Une régie (Canal Plus) a entrepris de contester la légalité de la mise en recouvrement de la taxe au titre du premier semestre 2003 (pour un montant de 185 K€). Elle estime que la taxe ne pouvait, en vertu de l'article 88.3 du traité CE, faire l'objet d'une procédure de recouvrement pour une période antérieure à la décision de la Commission se prononçant sur la compatibilité de l'aide avec le droit communautaire. Une réclamation a été adressée à l'administration fiscale le 3 décembre 2003 ; l'affaire a ensuite été portée devant le tribunal administratif, où elle est en cours d'instruction.
Il faut ajouter à ces contentieux successifs quatre réclamations déposées par TF1 Publicité, France Télévisions Publicité, M6 Publicité et Canal Plus au titre des exercices 2001 et 2002 23 ( * ) .
Les précautions juridiques prises par l'administration n'ont pas été suffisantes pour éviter la contestation de la légalité de la perception de la taxe par les principaux redevables. Cela introduit une incertitude sur le montant des recettes de l'année et peut conduire à des moins-values de recettes significatives même si, pour l'heure, les reversements ont été supportés par le budget de l'Etat et non par le FSER .
* 22 L'arrêté, pris le 23 juillet 1998, a été publié au JO le 2 septembre.
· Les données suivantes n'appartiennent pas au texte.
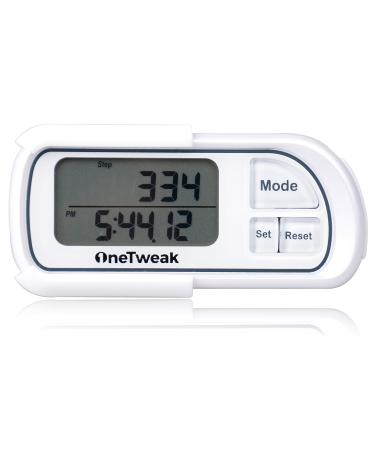 OneTweak New EZ-1 Pedometer for Walking. 3D Tri-Axis Clip-On. Back-to-Basics Step Counter. Simple to Use. Multi-Function. New Pause Function. Perfect Fitness/Exercise Tool. white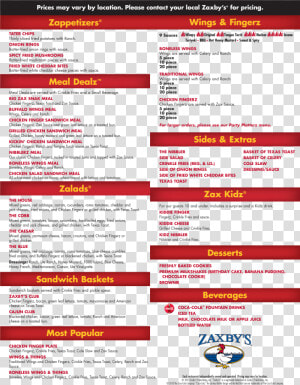 Transparent Live Oak Png   Zaxby  39 s Menu With Prices  Png Download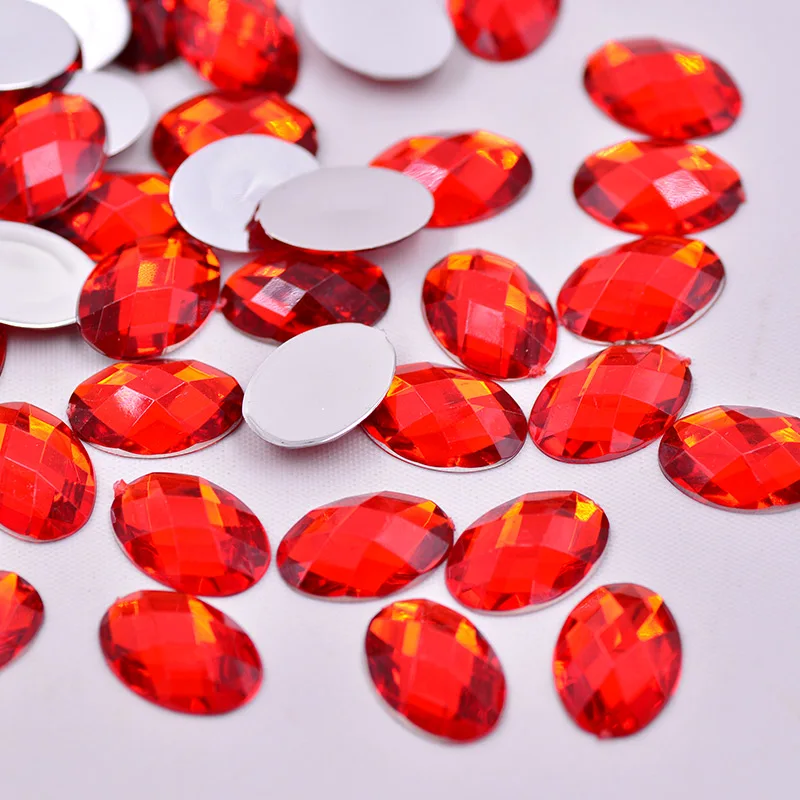 JUNAO 13*18mm Red Color Oval Rhinestones Flatback Acrylic Gems Glue On Fancy Crystals Stones For DIY Clothes Jewelry Crafts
* 23 Il s'agit de réclamations qui, de l'avis de la Direction de la législation fiscale, ont peu de chances d'aboutir et qui portent sur la conformité de la taxe parafiscale au regard de l'article 4 de l'ordonnance organique du 2 janvier 1959 (intérêt économique et social du prélèvement) et de l'article 4 du décret du 30 octobre 1980 (obligation de fournir un compte rendu de l'emploi des fonds avant toute prorogation de la taxe).